Of course, all of the Slobodchikoff papers found in both searches are listed on his web page, without hyperlinks but with references that could be used to track down the papers using more troublesome techniques, either online or in the library stacks. There are two kinds of value added: convenience in finding the links (more of which are available in this case through Scirus), and information about citations offered Google Scholar's "cited by" feature -- though you could also use ISI's citation index -- if you have a subscription, or your institution does.

Among other search tools, regular old Google turns up Slobodchikoff's home page, of course, but also page 1 (!) of

C. N. Slobodchikoff, "Cognition and communication in prairie dogs." In Marc Bekoff, Colin Allen and Gordon M. Burhgardt, eds., The Cognitive Animal: Empirical and Theoretical Perspectives on Animal Cognition. The MIT Press, 2002.

Technorati turns up some 17 weblog posts, as of early this morning, all of which seem to be references to the AP article. I was disappointed, hoping to find that someone like Cosma Shalizi had researched Slobodnikoff's work. Though of course if he had, the Google and perhaps Scirus searches would already have told me.

CiteSeer doesn't turn up anything, in this case, which was also disappointing.

I got very good overall results from PsychInfo, in the version which is a specialization of the Cambridge Scientific Abstracts service. I accessed it through the Penn library site. It offers a variety of ways to get at the texts, including library call numbers and interlibrary loan where needed, and also citation information in some cases. It finds nine of Slobodchikoff's most relevant articles and book chapters.

Finally, I was disappointed to find that the MLA International bibliography, which is usually quite helpful, found nothing at all with "Slobodchikoff" as a probe. I guess Prairie Dog is not considered a Modern Language.

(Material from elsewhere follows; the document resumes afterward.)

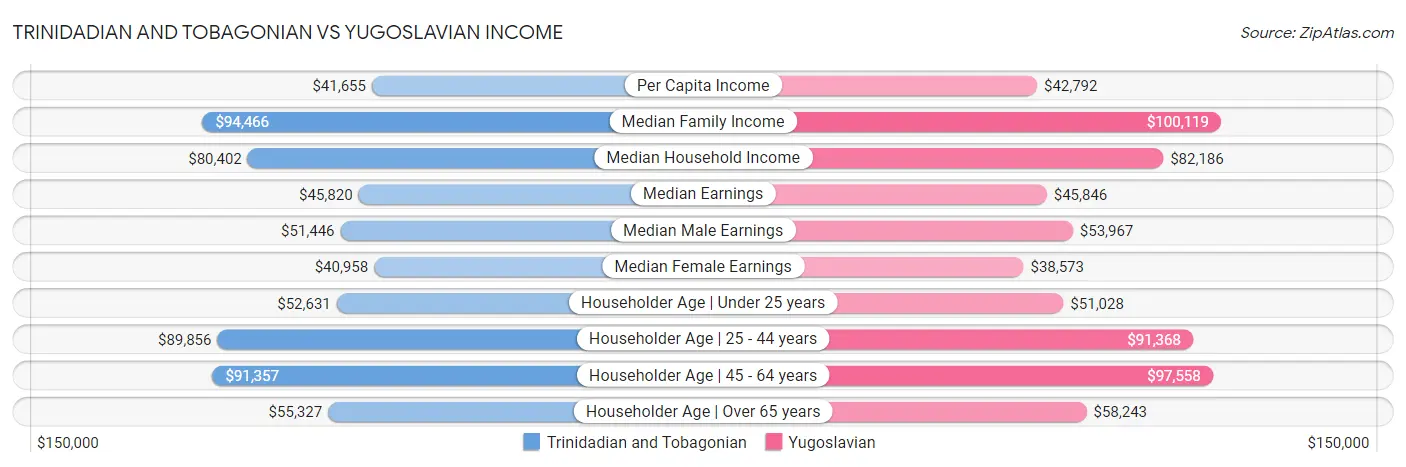 Trinidadian and Tobagonian vs Yugoslavian Income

That's fair enough, since I imagine that it hasn't changed much since the towers of Ilium were topped.

All in all, it's nice to be able to do so much so quickly -- the searching reported here took less than 15 minutes -- and all without leaving home. And a lot of the material can now also be found on line, though at least half of it still requires real-life activity (visiting libraries or buying books) to access.

The content of Slobodchikoff's papers is course interesting in itself. From what I've read, it looks very much like the pattern familiar from Seyfarth and Cheney's classic work on vervet alarm calls, with additional results on the encoding of more abstract size and shape information in call variation, and especially a focus on the use of "variation in the internal structure of a vocalization to define possible information structures", as Placer and Slobodchikoff put it in their 2004 paper. The work is definitely worth further study, and I'll have more to say about it at some point in the future.